MATERIAL PROVIDED |
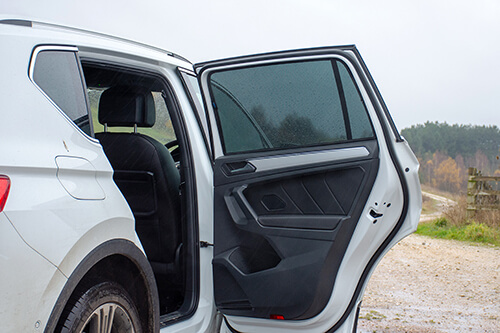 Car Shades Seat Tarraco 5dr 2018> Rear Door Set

--

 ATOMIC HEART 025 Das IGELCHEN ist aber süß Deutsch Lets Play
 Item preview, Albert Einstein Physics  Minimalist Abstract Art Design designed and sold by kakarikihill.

WHAT IS BEING ASKED | Reproduce the lines of the entries above from the one with "ATOMIC HEART 025" to the one with "Item preview, Albert", both included, exactly and without any other line.

WORKED SOLUTION |
 ATOMIC HEART 025 Das IGELCHEN ist aber süß Deutsch Lets Play
 Item preview, Albert Einstein Physics  Minimalist Abstract Art Design designed and sold by kakarikihill.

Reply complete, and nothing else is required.